Serum cytokine panels in pediatric clinical practice

Paul M Gallo  1 Jihwan Kim  2 Kevin O McNerney  3 Caroline Diorio  3 Caelin Foley  4 Laura Kagami  5 Kristina Wagner  5 Whitney L Petrosa  6 Hana Conlon  6 Kandace L Gollomp  2 Scott W Canna  7 Alix E Seif  8 Maire A Conrad  9 Judith R Kelsen  9 Neil Romberg  10 Hamid Bassiri  11 Kathleen E Sullivan  10 David T Teachey  8 Michele E Paessler  12 Edward M Behrens  7 Michele P Lambert  2
Affiliations

Serum cytokine panels in pediatric clinical practice

Paul M Gallo et al. J Allergy Clin Immunol. 2025 Feb.

Abstract

Background: Cytokines are soluble signaling proteins that regulate inflammation and coordinate immune responses. Serum cytokine panels are increasingly used in medical practice, yet our understanding of cytokines as biomarkers for disease remains limited.

Objective: We sought to analyze real-world single-center use of a multiplexed cytokine panel, correlate its results with diagnosis and severity, and explore its use in pediatric practice.

Methods: A multiplexed cytokine panel, able to return same-day results, was implemented in April 2020 at the Children's Hospital of Philadelphia (Philadelphia, Pa) and its performance was validated for clinical use. Coded patient data were collected using the REDCap database, and correlations between cytokine levels and outcomes of interest were analyzed retrospectively.

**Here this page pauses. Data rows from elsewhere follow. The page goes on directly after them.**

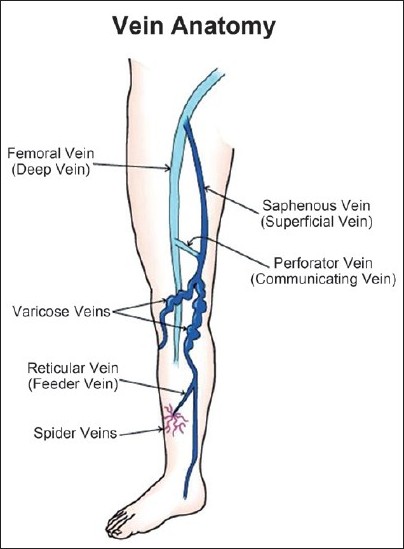  ABSOLUTE SUPPORT Compression Tights 20-30mmHg For Varicose  And Saphenous Veins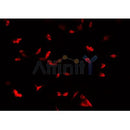 Western blot analysis of extracts from MCF7, using COX IV Antibody. The lane on the left was treated with blocking peptide.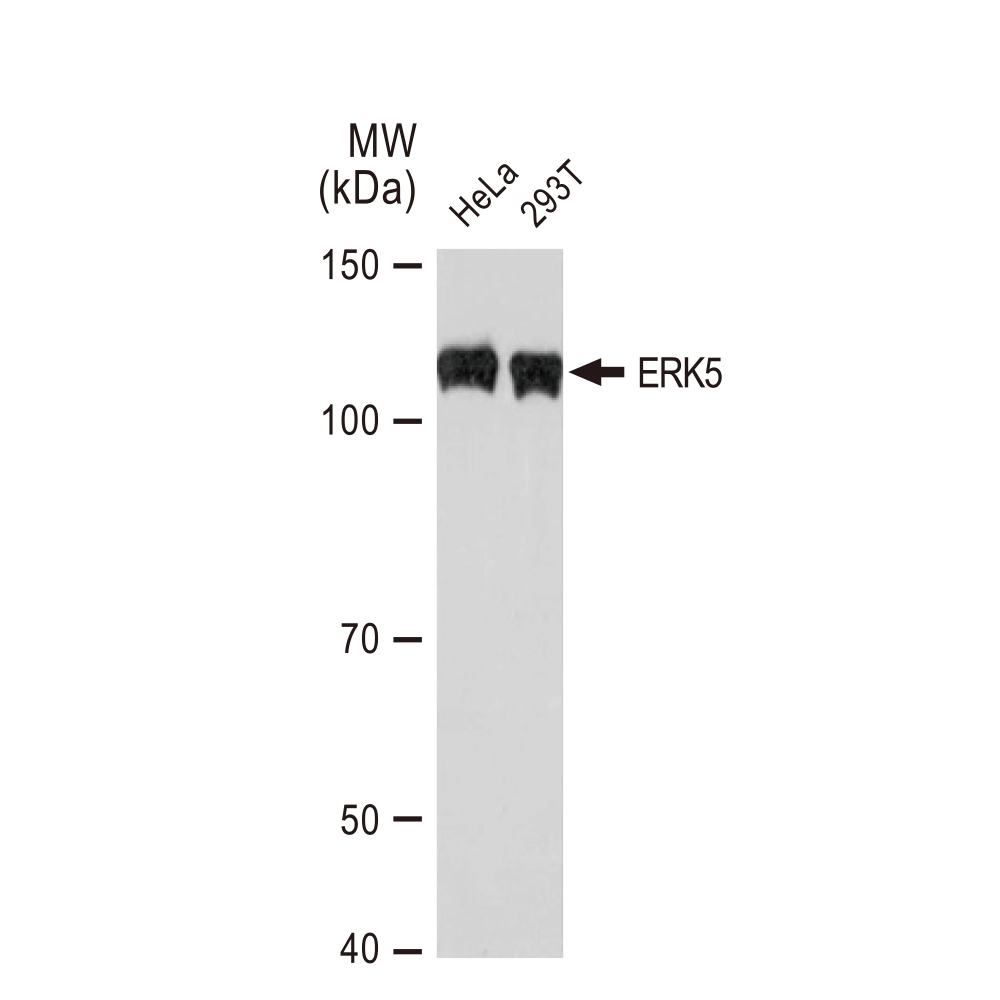 WB analysis of various samples using GTX02855 ERK5 antibody [GT1258]. Dilution : 1:500 Loading : 25microg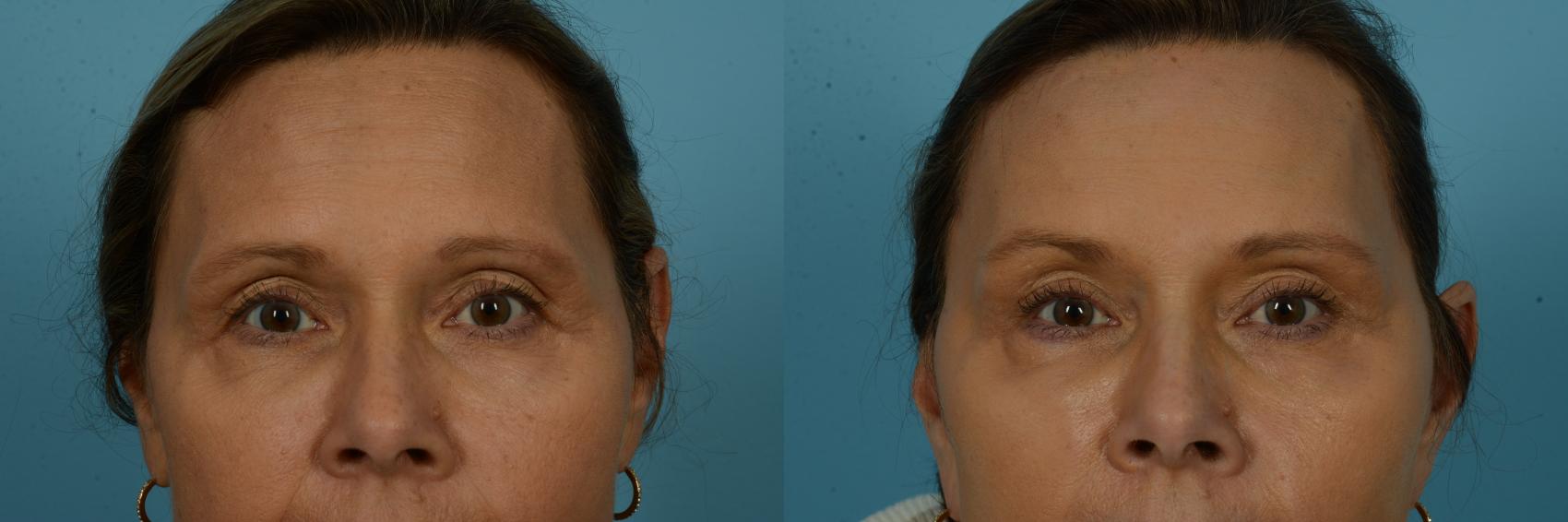 Before & After Blepharoplasty by Dr. Sinno Case 1123 Front View in Chicago, IL
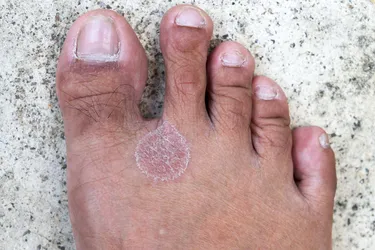 Foot fungus, also known as athlete's foot, is an infection caused by mold. Another name for this contagious condition is tinea pedis. (Photo credit: iStock/Getty Images)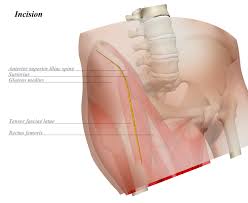hip anterior approach smith petersen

Results: Cytokine levels correlate with acuity of care, with patients admitted to the pediatric intensive care unit having the highest cytokine values. Patients with familial hemophagocytic lymphohistiocytosis (fHLH) showed prominent peaks in IFN-γ, IL-10, and TNF, whereas patients with sepsis exhibited high IL-6 and IL-8 with relatively modest IFN-γ. Cytokine release syndrome (CRS) after chimeric antigen receptor T-cell therapy often demonstrated pan-panel positivity at peak levels, with a similar pattern as that of fHLH. A ratio of [IFN-γ] + [IL-10]/[IL-6] + [IL-8] levels was able to distinguish fHLH and CRS from severe sepsis.

Conclusions: Cytokine levels correlate with severity of illness and can help differentiate between syndromes that present similarly, including fHLH and CRS compared with sepsis. Cytokine panels can be used as biomarkers to inform diagnosis and management decisions, but significant work remains to dissect complex clinical patterns of disease.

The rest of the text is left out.